Using LinkedIn to Tell Your Company Story (Wayne’s LinkedIn Tips & Helps Vol 57)

Hola:

Welcome back, everyone.  Consider this quote.

“A company is no longer made up of anonymous people building one brand; rather, it is made up of many personal brands that are telling your one corporate-brand story in their own personal ways.”  [Mitch Joel from his book “Six Pixels of Separation”]

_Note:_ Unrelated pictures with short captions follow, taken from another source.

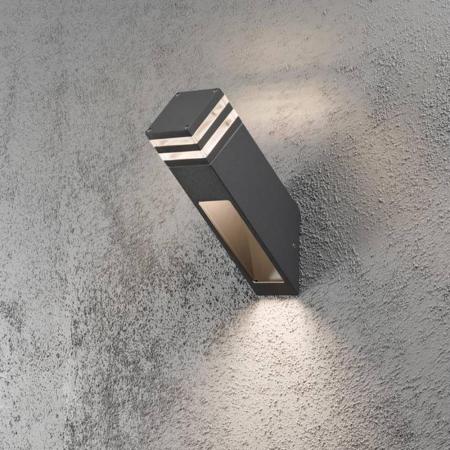 Konstsmide 7944-370 Massa Wandleuchte anthrazit lackiertes Aluminium, klares Acrylglas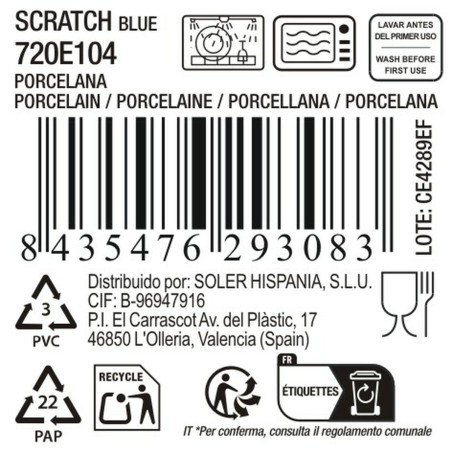 Teglia da Cucina La Mediterránea Scratch blue (6 Unità)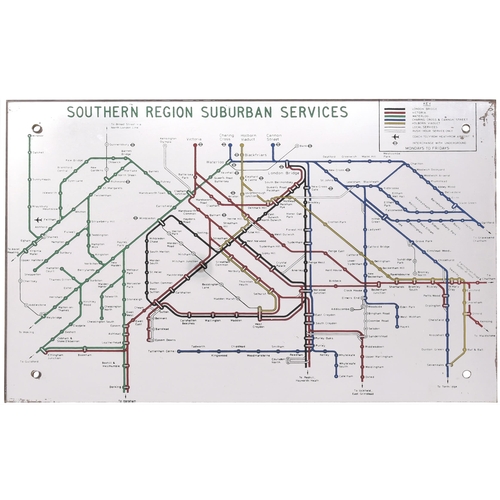 117 - A BR(S) carriage mirror map of the suburban system, the area bounded by Windsor, Dartford, Sevenoaks...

Personal branding is surely a hot topic like never before, based on lots of changes in the economy and in available technology.  I could have a series of tips solely on that and how LinkedIn plays into that space, but what I want to cover this week is sort of a diversion from the “highly popular” personal brand story but to the “still important” company story you are trying to tell on your profile and your activity on LinkedIn.  I have titled this:

            Five Important Things to Consider When Telling Your Company’s Story Using LinkedIn

1.      Profile Heading, Summary, Specialties, Experience (Jobs) – Be very judicious in making sure that you are consistent in using exact company names (be careful with divisions, departments, etc.), products, processes, and services.  Keep in mind that the more times you use the same words or word combinations, the higher you will end up on the LinkedIn search results. 

2.      Profile Applications:  SlideShare, Box.net files and Google Presentation – These special applications are a great place to use Word, Excel, PowerPoint, and pdf files along with videos to highlight company accomplishments, projects, customer testimonials, awards, history, and products.  My suggestion is to decide as an organization or sales team just which of these documents/files will make the most impact, and then have all team members share those documents on their individual profiles.  You can also reference these documents in the Summary section with something like “See the Google Presentation below to view our full line of products and specialties.”

3.      Profile Websites – Three places to include not only your company website but “hotlinks” to other company topics or actions, which could include product videos, email sign-up sites, surveys, etc.  As mentioned in earlier tips, you can put your own description of the website (26 characters available) so that people are more encouraged to click on.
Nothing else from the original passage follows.